==== Listed entries ====
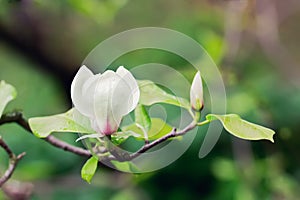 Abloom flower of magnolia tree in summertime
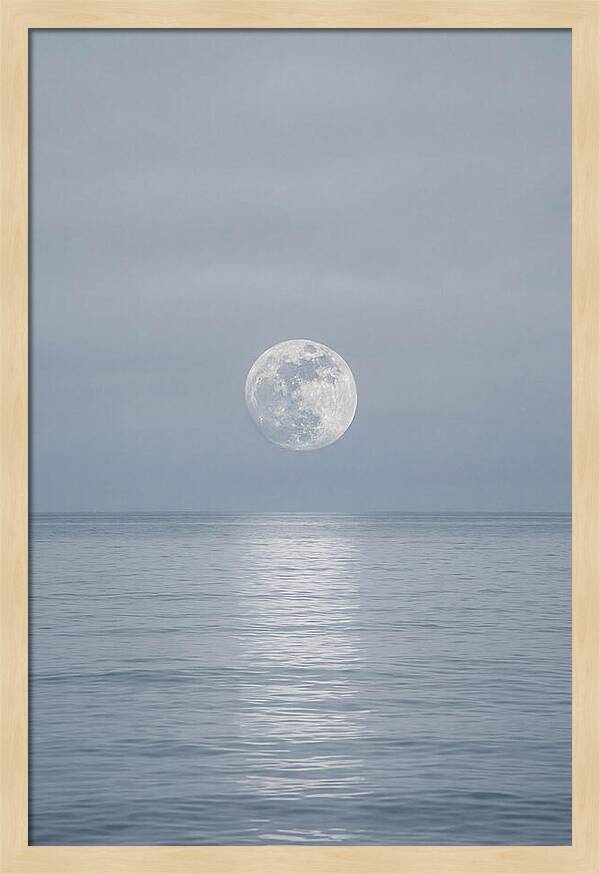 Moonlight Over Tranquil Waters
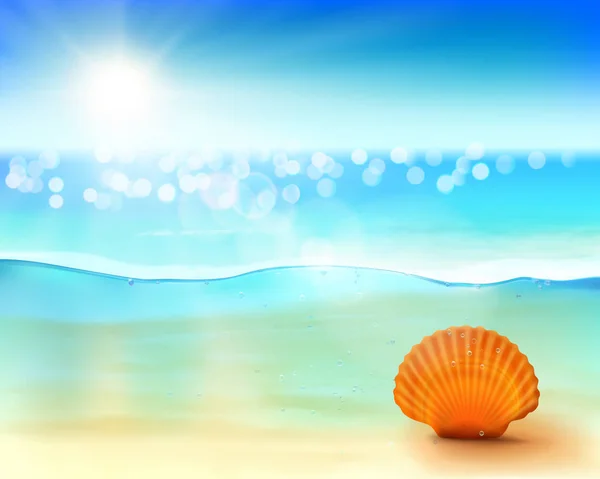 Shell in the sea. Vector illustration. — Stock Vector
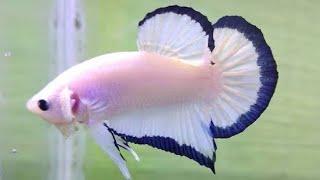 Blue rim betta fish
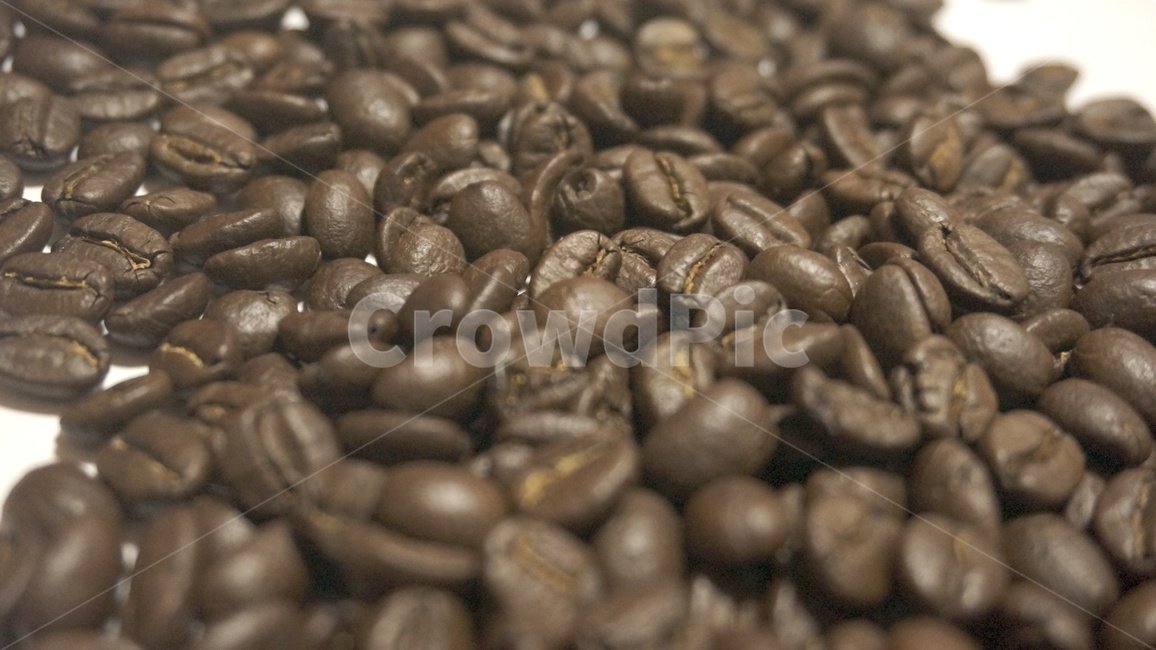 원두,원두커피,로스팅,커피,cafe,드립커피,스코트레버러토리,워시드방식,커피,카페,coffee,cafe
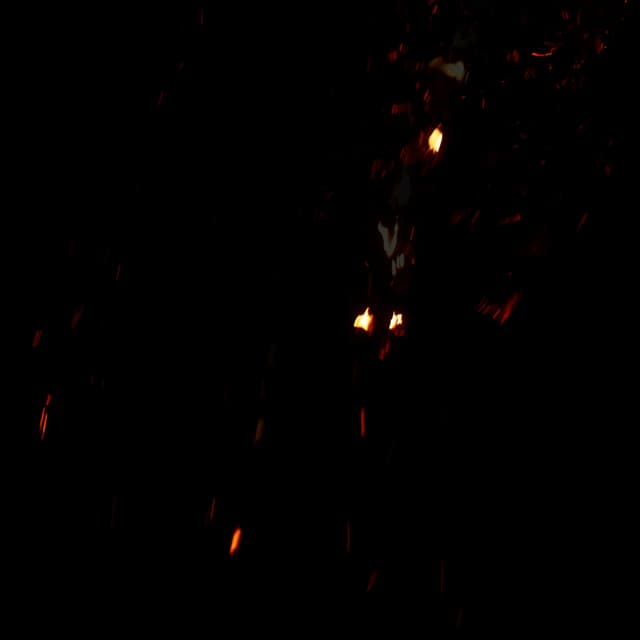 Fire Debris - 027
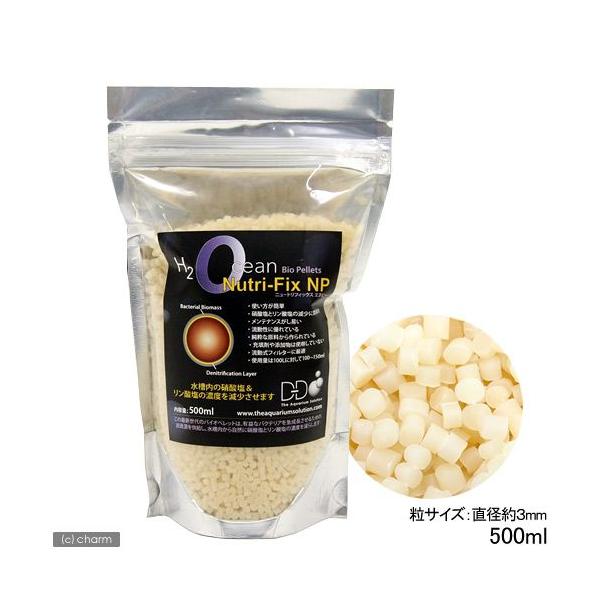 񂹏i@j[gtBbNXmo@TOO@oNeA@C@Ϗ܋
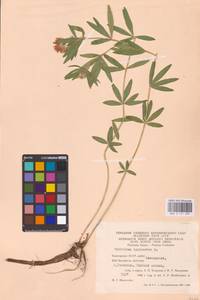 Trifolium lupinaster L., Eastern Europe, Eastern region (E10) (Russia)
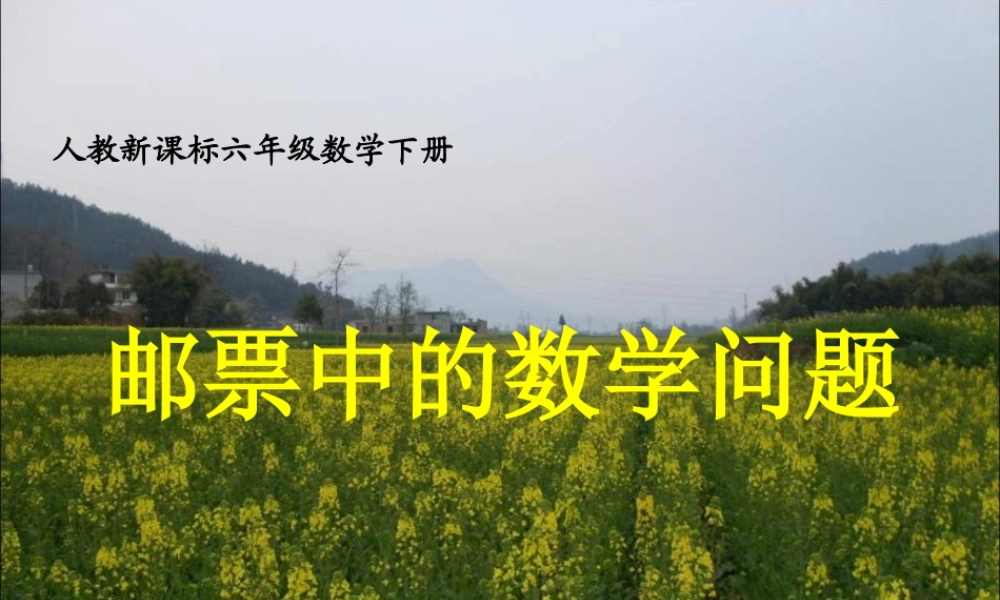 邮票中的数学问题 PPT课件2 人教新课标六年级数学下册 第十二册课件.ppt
====
_Problem statement:_ Once you reach the line containing "Shell in the", print it and every line after it exactly, through the end of the entries, without any pictures.

_Response:_
 Shell in the sea. Vector illustration. — Stock Vector
 Blue rim betta fish
 원두,원두커피,로스팅,커피,cafe,드립커피,스코트레버러토리,워시드방식,커피,카페,coffee,cafe
 Fire Debris - 027
 񂹏i@j[gtBbNXmo@TOO@oNeA@C@Ϗ܋
 Trifolium lupinaster L., Eastern Europe, Eastern region (E10) (Russia)
 邮票中的数学问题 PPT课件2 人教新课标六年级数学下册 第十二册课件.ppt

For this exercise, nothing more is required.